A phylogenetic tree was constructed from available pol sequences, using SIVcpzPts strains from the Democratic Republic of Congo (ANT and BF1167) as outgroups. Viruses (and their chimpanzee hosts) are color coded according to their most recent community (Mitumba, blue; Kasekela, brown; Kalande orange), while branch colors indicate the likely origin of these infections (e.g., Ch-099 resided in Kasekela from 2004 to 2006, but acquired TAN6 in Kalande). Striped lines indicate uncertain origin (genetic and demographic data suggest that Ch-033 and Ch-089 acquired their infections in Kalande and Kasekela, respectively; the location where Ch-022 acquired SIVcpz is unknown). The phylogenetic position of TAN16 is approximated (arrow) based on the position of its env-nef sequences (see Figure S2B in reference [2]). The tree was inferred by Bayesian methods ; numbers on nodes indicate posterior probabilities (only values above 0.95 are shown). The scale bar represents 0.1 substitutions per site.

Figure 5. Abundance of food plants in Gombe.

Data are color coded according to the range of the respective community (Mitumba: blue; Kasekela: brown; Kalande minimal range: vertical orange hatching; Kalande likely range: solid orange). (A) Total basal area of food trees (m²) and total number of stems of smaller food plants (vines and shrubs, shown in thousands of stems). (B) Per capita abundance of food plants. Population sizes are from 2007, using the median estimate for Kalande, and food plant abundance data are from 2007–2009. Range data for Kasekela and Mitumba communities are from 2007. Because available range data are more limited for Kalande, we used all available information from 2002–2009.

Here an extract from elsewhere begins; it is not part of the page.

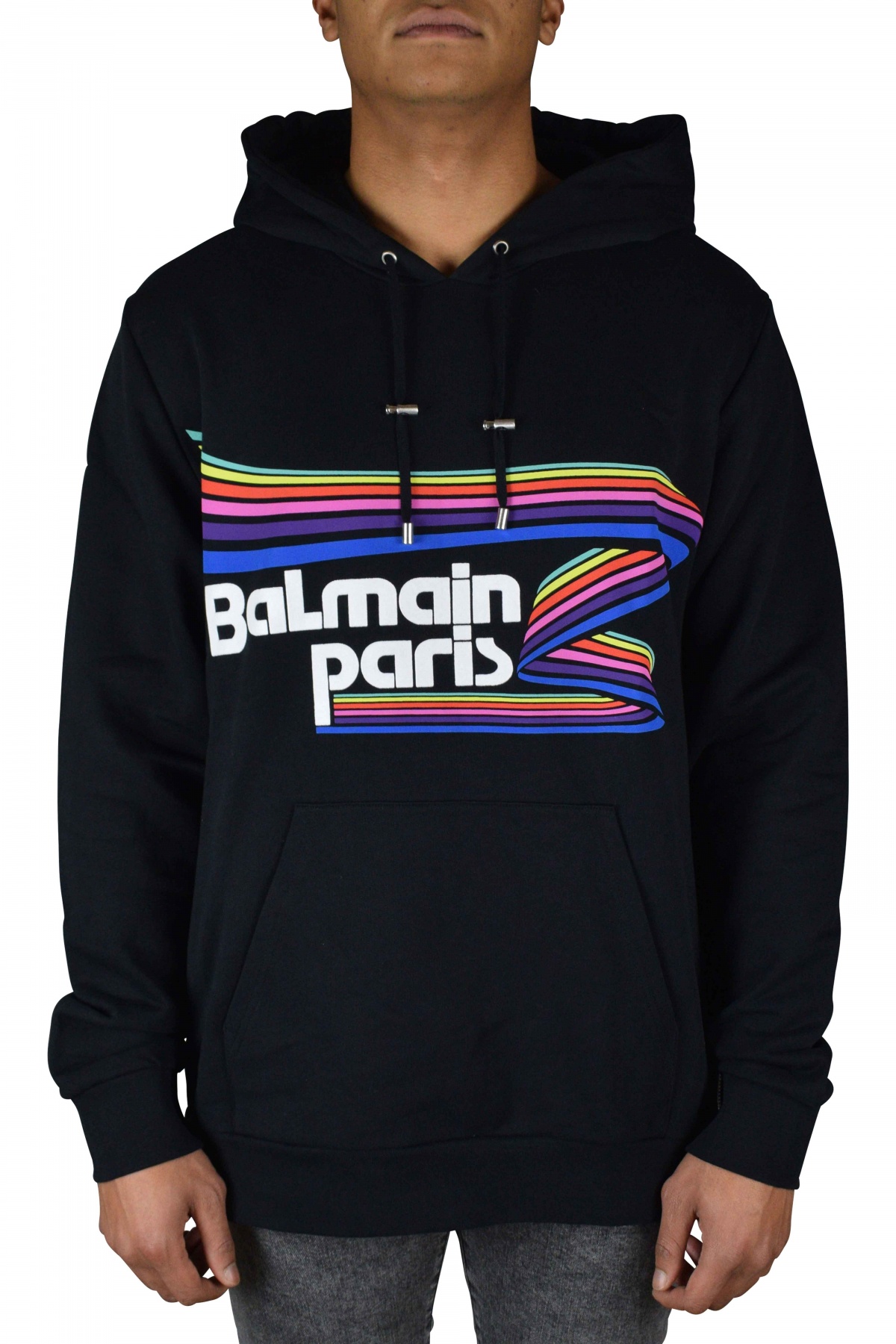 Sweatshirt - 2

Figure 6. Predicted critical prevalence of SIVcpz (f^*) for different levels of the mortality multiplier (ρ).

Three different lines are given for different levels of the fertility multiplier (α). The most recent empirical estimates for these parameters are ρ = 10–16 and α = 0.5.

Figure 7. Stochastic simulations.

The number of infectious females, the number of infectious males, the SIVcpz prevalence, and the number of susceptible individuals (females in green, males in brown) are shown (y-axis) in relation to time in years (x-axis). (A) Representative run illustrating population extinction. (B) Representative run illustrating SIVcpz extinction.